About this task. Transcribe the entries exactly as given and skip whatever images they hold.
Dataset records section start
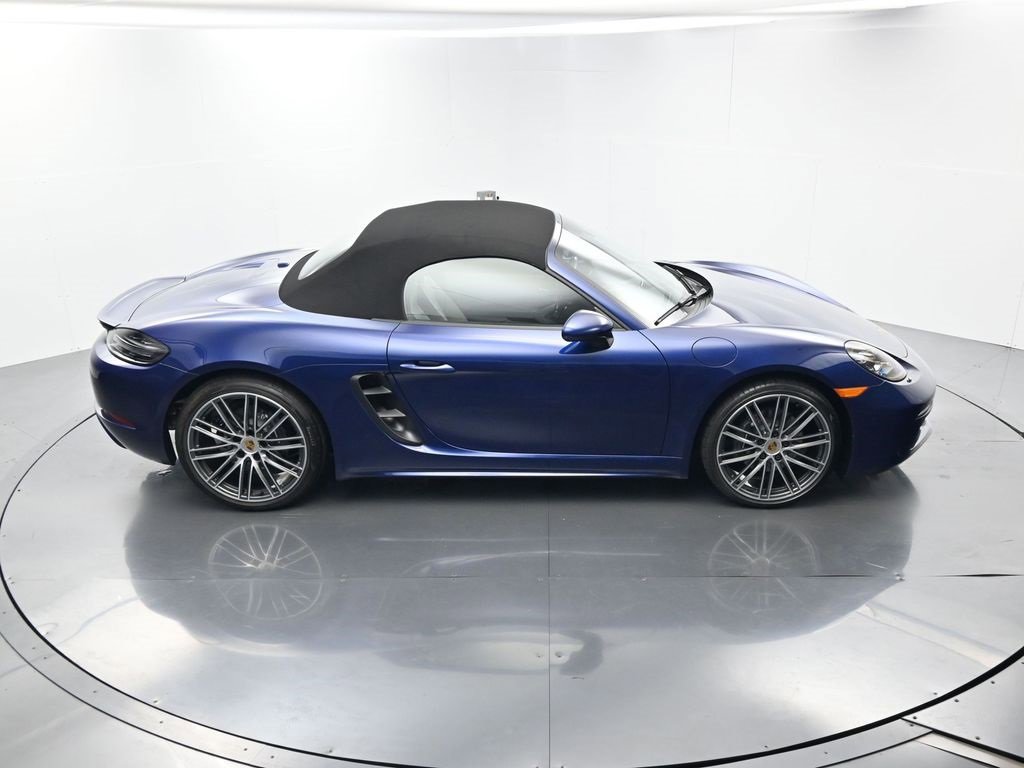 Used 2025 Porsche 718 Boxster image 23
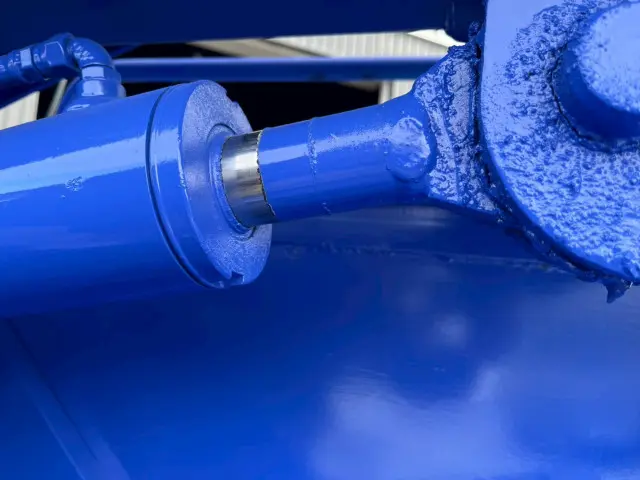 いすゞ エルフ PB-NKR81Nの写真9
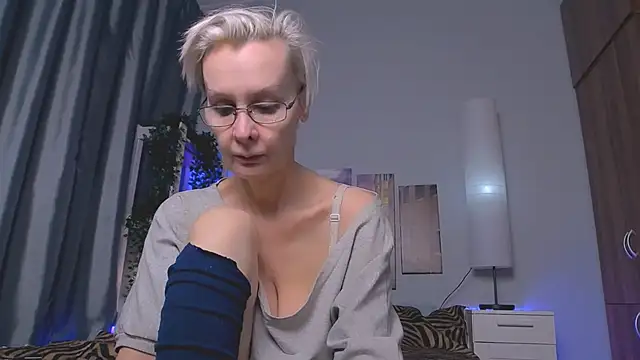 Snapshot of HelgaHimmell chatting on January 27, 2025, 3:37 am HelgaHimmell online show from January 27, 2025, 3:37 am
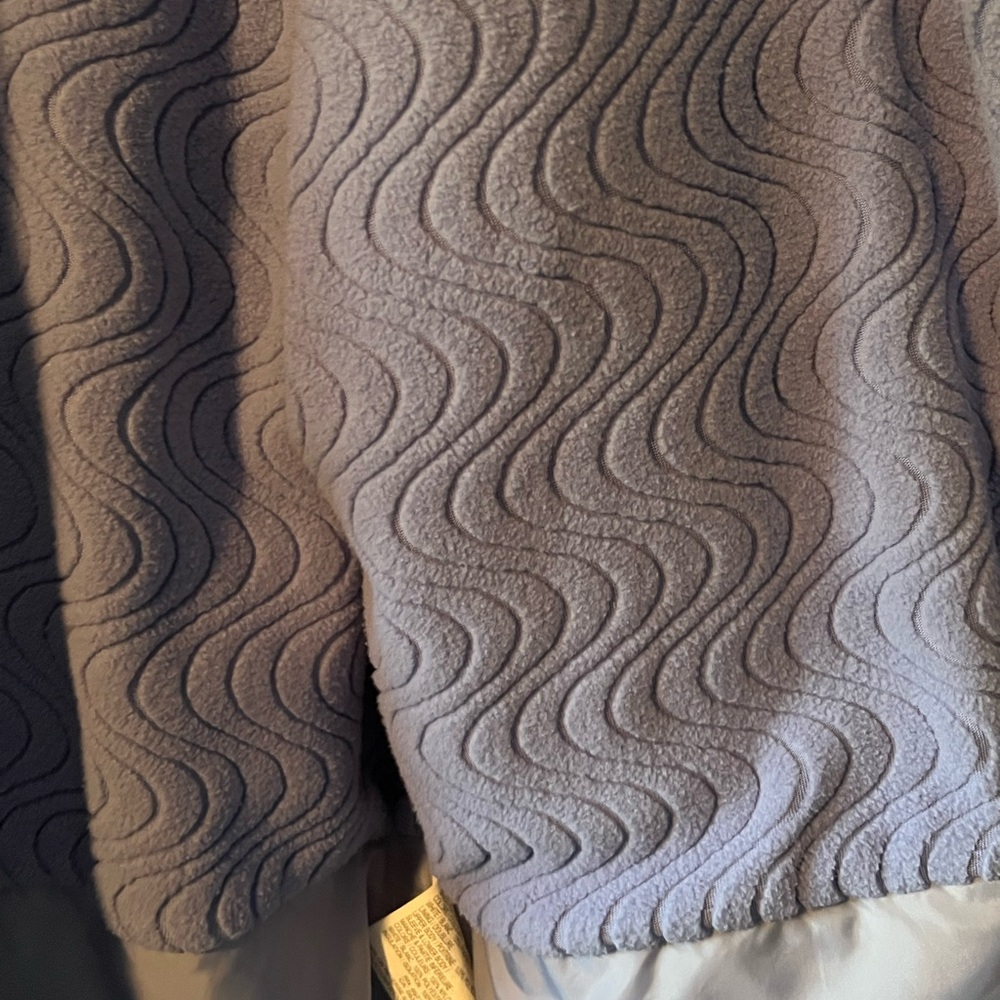 Columbia Lavender Women’s Jacket. Liner is a soft fleece. - Picture 5 of 7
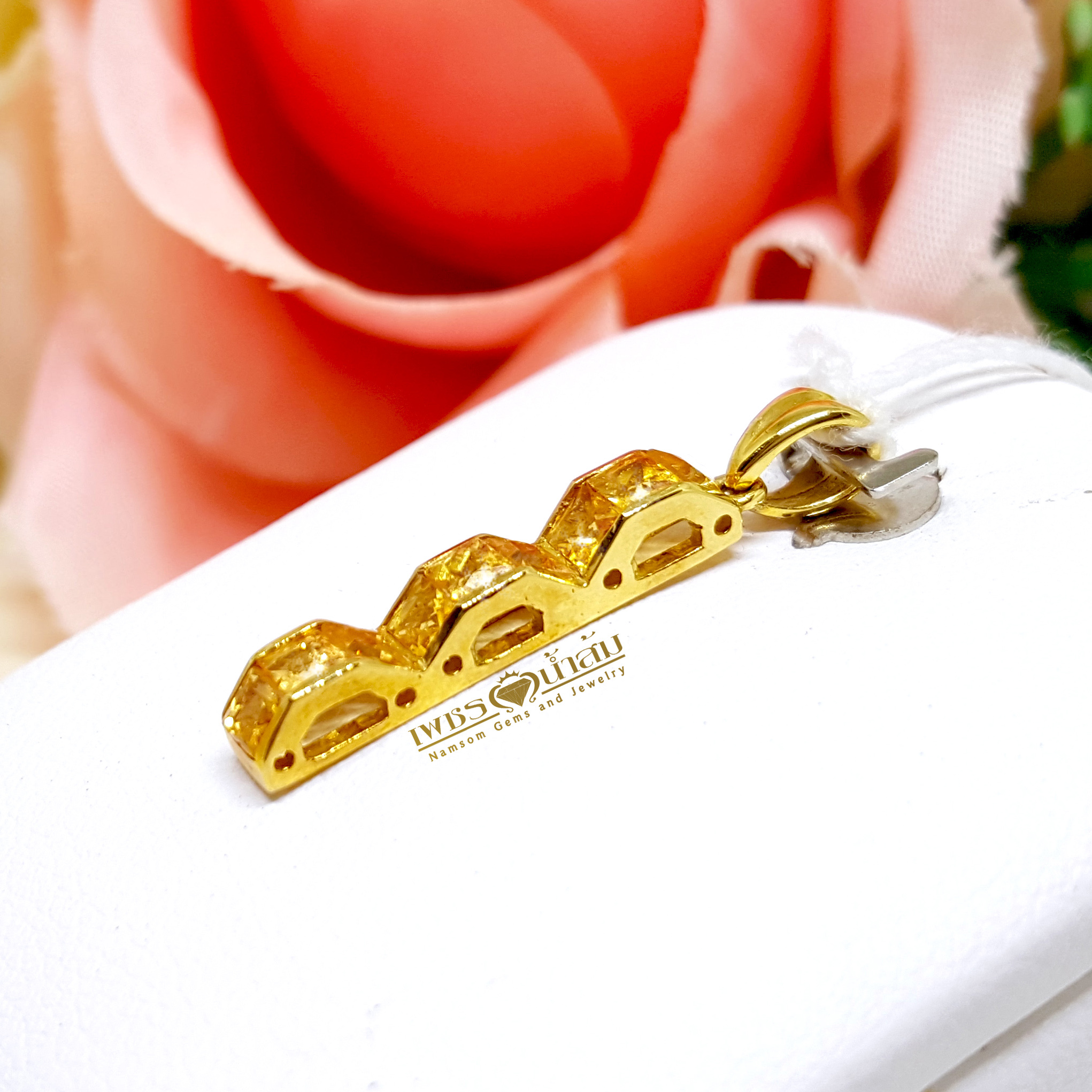 จี้พลอยบุษราคัม Yellow Sapphire ชิ้นเล็กน่ารัก เจียรเป็นทรงลูกคลื่น สวมใส่ได้ทุกวัน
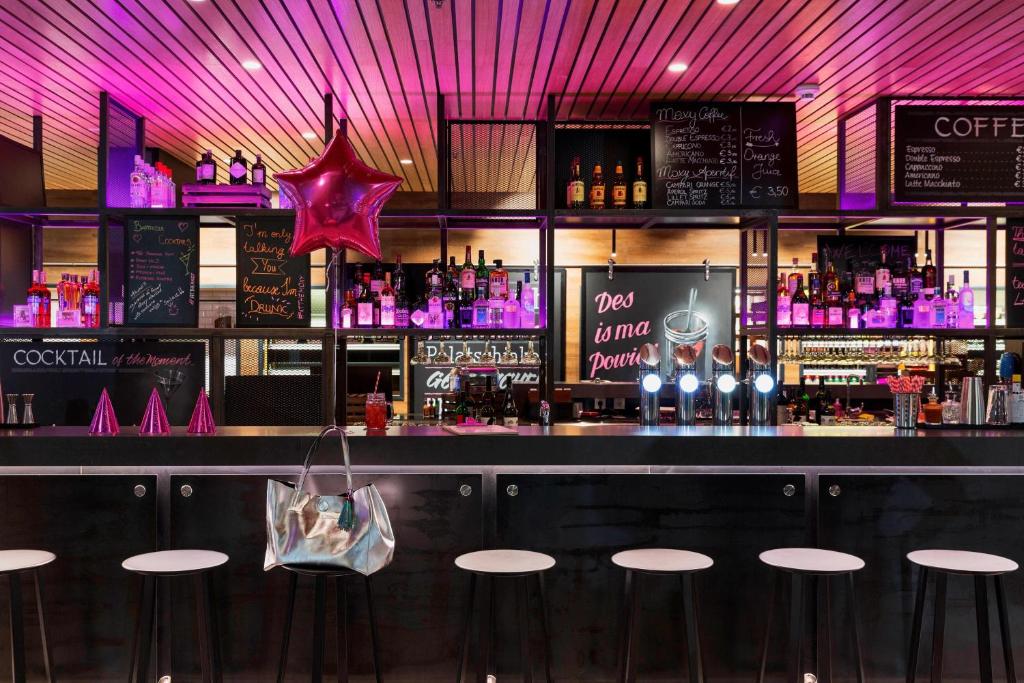 Bar/lounge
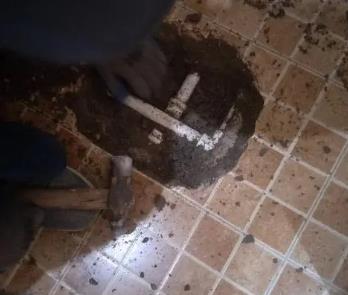 碾子山卫生间漏水维修公司为您分享下卫生间渗水如何处理及注意事项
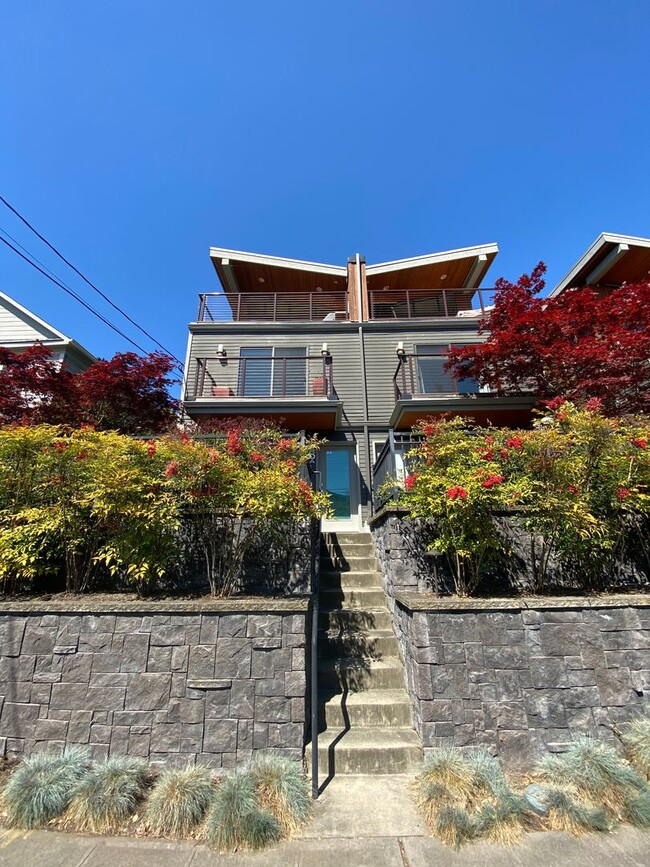 Photo - Stunning 2 Bed, 2 Bath Townhouse with Breathtaking Views! Steps away vibrant shops, restaurants, ...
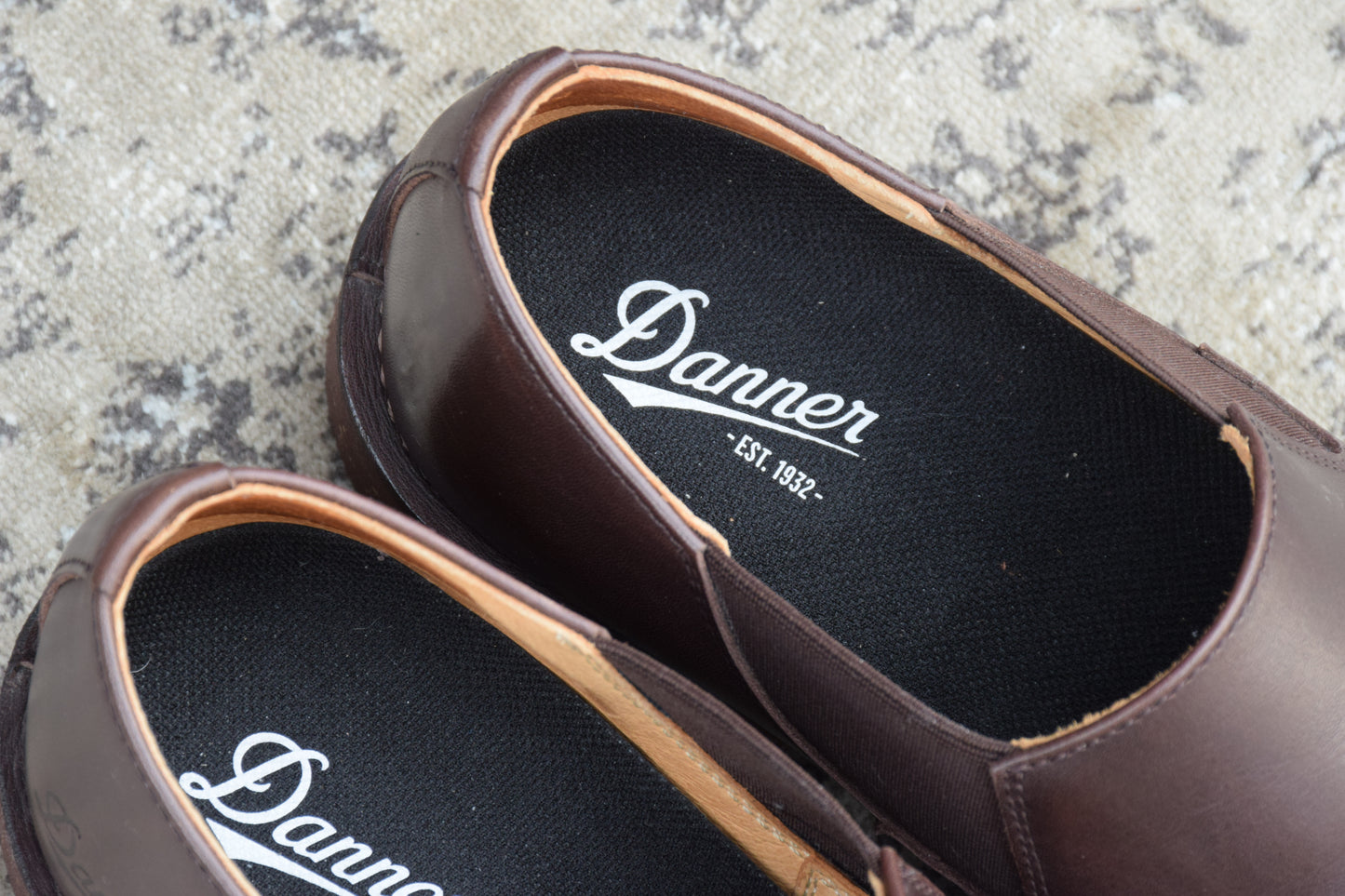 【極美品】Danner ダナー CARMAN カーマン D212111 サイドゴア ショートカット 濃茶 ダークブラウン US8.5 / 26.5cm【W3395】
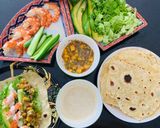 Hình bước làm 11 của món Vào bếp cùng con: Taco tôm với tortilla từ bột mì và sốt salsa xoài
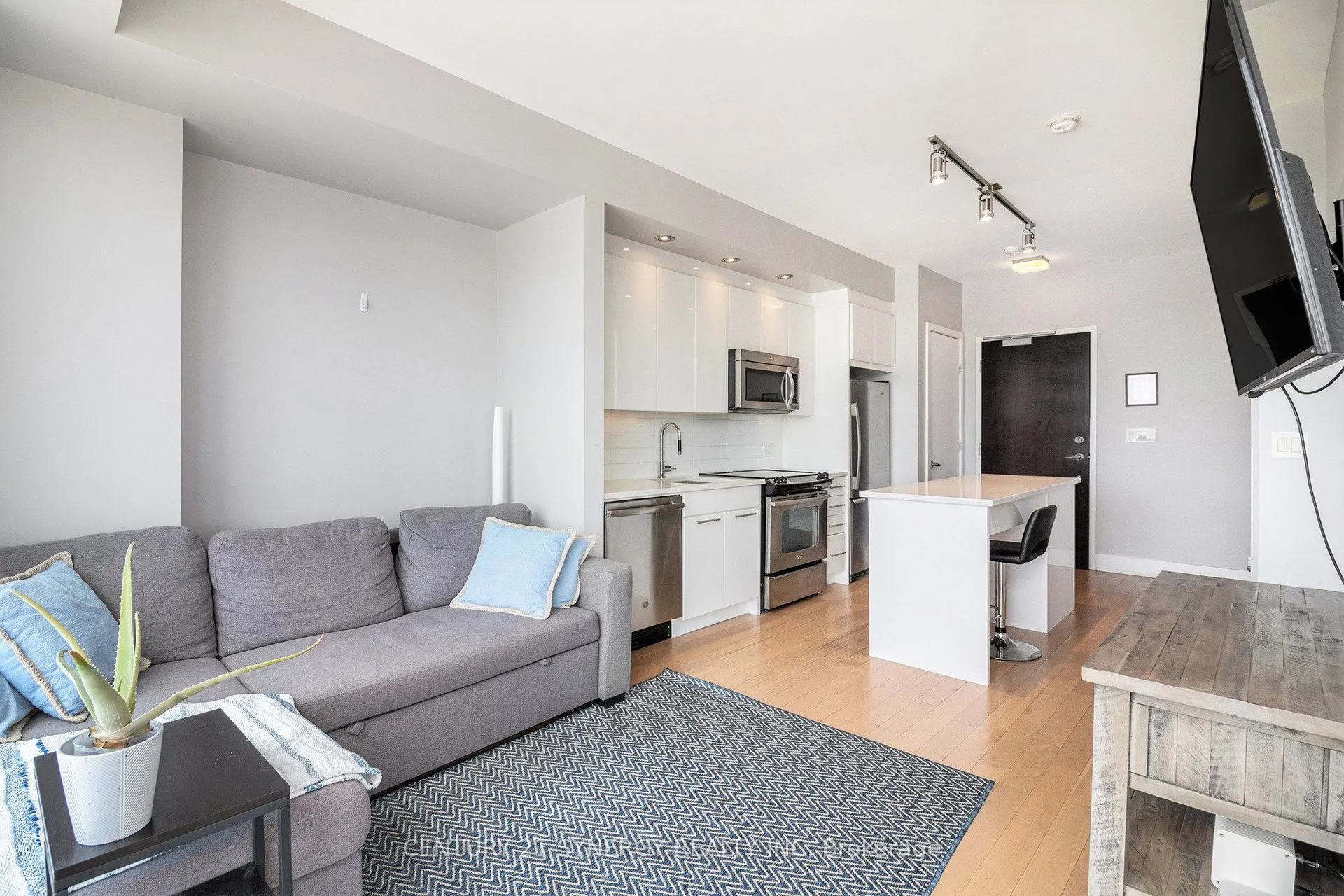 360 Patricia Avenue, #607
Dataset records section end
Written answer.
 Used 2025 Porsche 718 Boxster image 23
 いすゞ エルフ PB-NKR81Nの写真9
 Snapshot of HelgaHimmell chatting on January 27, 2025, 3:37 am HelgaHimmell online show from January 27, 2025, 3:37 am
 Columbia Lavender Women’s Jacket. Liner is a soft fleece. - Picture 5 of 7
 จี้พลอยบุษราคัม Yellow Sapphire ชิ้นเล็กน่ารัก เจียรเป็นทรงลูกคลื่น สวมใส่ได้ทุกวัน
 Bar/lounge
 碾子山卫生间漏水维修公司为您分享下卫生间渗水如何处理及注意事项
 Photo - Stunning 2 Bed, 2 Bath Townhouse with Breathtaking Views! Steps away vibrant shops, restaurants, ...
 【極美品】Danner ダナー CARMAN カーマン D212111 サイドゴア ショートカット 濃茶 ダークブラウン US8.5 / 26.5cm【W3395】
 Hình bước làm 11 của món Vào bếp cùng con: Taco tôm với tortilla từ bột mì và sốt salsa xoài
 360 Patricia Avenue, #607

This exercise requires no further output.